# Paint Creek Trout



## hockeymania2 (Apr 10, 2011)

Hey guys, I'm new to trout fishing but have been reading about it greatly the past few days. I was thinking about trying Paint Creek out because of its producing trout this time of year and its location in Rochester is about 20minutes away. My questions are: Is it worth trying out? Where are some access points? And what should I be using/ not using? Any help would be greatly appreciated as I will be planning a trip down there this week. Thanks!


----------



## Hullyscott (Sep 17, 2009)

I know they changed a lot of the regs this year, so before you go, you might want to double check to make sure it didn't close last friday (Sept. 30th)

Hully


----------



## Hullyscott (Sep 17, 2009)

I think it's closed. Just checked out the DNR maps and it's a "green" colored stream, which if I'm reading it correctly, means it closed last friday.
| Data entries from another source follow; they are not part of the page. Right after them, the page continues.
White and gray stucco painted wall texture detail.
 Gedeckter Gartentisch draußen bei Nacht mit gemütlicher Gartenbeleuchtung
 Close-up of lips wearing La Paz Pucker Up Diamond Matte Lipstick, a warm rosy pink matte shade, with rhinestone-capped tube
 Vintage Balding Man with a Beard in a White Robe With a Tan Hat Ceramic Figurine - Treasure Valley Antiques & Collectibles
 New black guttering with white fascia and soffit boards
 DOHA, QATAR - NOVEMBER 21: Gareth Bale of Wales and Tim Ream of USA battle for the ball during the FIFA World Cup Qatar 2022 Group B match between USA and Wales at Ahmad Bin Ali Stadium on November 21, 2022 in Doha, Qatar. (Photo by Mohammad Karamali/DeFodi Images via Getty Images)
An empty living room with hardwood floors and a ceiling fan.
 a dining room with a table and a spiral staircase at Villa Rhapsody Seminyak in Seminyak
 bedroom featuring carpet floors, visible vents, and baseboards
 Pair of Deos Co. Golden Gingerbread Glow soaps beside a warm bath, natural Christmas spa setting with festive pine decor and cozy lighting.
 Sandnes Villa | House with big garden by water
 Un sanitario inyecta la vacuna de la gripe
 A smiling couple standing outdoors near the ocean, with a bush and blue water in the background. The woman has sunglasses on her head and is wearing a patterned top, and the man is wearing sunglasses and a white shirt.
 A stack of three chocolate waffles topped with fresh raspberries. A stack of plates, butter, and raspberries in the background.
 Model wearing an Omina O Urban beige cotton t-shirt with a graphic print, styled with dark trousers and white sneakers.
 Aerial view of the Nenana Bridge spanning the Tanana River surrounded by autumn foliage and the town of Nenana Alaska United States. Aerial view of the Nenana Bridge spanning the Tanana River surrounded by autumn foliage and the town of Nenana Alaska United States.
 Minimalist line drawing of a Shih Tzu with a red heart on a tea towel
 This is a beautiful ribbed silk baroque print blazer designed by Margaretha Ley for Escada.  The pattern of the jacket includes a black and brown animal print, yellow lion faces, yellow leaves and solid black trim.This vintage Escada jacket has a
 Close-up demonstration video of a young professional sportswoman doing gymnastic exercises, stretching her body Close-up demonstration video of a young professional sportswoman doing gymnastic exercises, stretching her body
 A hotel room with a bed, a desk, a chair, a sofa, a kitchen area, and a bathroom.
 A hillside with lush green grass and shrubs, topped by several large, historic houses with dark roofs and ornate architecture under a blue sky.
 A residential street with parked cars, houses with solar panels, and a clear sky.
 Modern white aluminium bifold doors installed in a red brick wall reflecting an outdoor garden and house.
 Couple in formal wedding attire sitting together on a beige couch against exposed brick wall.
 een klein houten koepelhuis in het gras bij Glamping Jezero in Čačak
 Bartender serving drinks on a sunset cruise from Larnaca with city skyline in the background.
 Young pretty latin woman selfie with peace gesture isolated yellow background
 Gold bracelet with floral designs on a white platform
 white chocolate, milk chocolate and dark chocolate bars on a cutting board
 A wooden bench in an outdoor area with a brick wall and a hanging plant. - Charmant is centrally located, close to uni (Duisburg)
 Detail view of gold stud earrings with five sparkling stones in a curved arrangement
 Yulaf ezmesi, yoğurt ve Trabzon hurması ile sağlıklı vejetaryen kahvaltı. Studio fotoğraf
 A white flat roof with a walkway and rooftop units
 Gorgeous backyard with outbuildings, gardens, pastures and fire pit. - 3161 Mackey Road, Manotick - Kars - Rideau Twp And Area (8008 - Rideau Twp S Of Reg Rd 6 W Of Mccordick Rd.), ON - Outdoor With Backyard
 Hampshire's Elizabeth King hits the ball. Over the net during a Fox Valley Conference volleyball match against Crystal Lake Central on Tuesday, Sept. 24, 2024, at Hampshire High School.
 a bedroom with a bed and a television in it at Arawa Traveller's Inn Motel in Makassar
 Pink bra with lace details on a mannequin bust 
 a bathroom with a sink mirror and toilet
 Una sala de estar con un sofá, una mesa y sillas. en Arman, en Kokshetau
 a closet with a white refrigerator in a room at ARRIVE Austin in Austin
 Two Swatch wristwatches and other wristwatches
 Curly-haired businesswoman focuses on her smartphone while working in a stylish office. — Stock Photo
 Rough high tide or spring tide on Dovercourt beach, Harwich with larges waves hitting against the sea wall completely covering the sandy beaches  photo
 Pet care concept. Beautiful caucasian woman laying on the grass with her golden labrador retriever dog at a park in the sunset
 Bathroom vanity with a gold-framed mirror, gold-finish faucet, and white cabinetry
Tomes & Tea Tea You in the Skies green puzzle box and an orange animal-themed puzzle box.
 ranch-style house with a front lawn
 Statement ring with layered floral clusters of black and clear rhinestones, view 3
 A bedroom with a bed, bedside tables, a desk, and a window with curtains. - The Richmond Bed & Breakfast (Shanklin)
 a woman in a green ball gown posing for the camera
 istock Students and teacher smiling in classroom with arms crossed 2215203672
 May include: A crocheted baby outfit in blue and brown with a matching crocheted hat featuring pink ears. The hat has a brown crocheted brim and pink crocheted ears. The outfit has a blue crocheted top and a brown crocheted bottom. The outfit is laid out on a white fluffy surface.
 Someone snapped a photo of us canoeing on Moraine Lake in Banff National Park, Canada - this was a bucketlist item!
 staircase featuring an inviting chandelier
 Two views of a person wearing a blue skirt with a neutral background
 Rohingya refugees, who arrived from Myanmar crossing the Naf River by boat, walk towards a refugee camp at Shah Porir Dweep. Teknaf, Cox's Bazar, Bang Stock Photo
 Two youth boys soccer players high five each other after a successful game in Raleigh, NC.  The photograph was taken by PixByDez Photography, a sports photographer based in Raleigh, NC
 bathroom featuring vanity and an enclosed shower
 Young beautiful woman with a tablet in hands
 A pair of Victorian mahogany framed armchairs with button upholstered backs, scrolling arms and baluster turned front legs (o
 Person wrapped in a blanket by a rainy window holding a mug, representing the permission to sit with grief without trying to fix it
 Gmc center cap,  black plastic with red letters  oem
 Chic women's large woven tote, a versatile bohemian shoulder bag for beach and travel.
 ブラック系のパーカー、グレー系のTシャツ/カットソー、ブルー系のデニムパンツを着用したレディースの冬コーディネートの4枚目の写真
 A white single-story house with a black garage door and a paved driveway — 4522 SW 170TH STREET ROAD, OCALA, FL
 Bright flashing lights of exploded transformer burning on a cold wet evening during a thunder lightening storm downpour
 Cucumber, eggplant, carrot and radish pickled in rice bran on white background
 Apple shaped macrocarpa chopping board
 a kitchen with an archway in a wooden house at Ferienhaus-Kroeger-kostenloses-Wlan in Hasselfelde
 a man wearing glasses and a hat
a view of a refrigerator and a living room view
I live in Ferndale so I was kind of interested myself.

Hully

http://www.michigan.gov/documents/dnr/stream-regs_272062_7.pdf


----------



## BIG "D" (Sep 14, 2005)

CLOSED. Last friday at midnight.


----------



## hockeymania2 (Apr 10, 2011)

Hullyscott said:


> I know they changed a lot of the regs this year, so before you go, you might want to double check to make sure it didn't close last friday (Sept. 30th)
> 
> Hully


Oh wow you're right, good thing you informed me haha but I was also thinking about trying the Clinton River (Yates access) any tips? (I've fished it before for suckers with some luck but never trout or salmon.) Or any other places to fish? Thanks.


----------



## Afterthaut (Sep 7, 2011)

I was told by good authority that there are a decent amount of Brown Trout available from Auburn Hills to Rochester in the Clinton River main stream. The water in that stretch looks great, but I haven't had much luck myself. If you are going to wade, be careful as there are alot of big slippery rocks, strong current, and deep holes through most of that stretch. 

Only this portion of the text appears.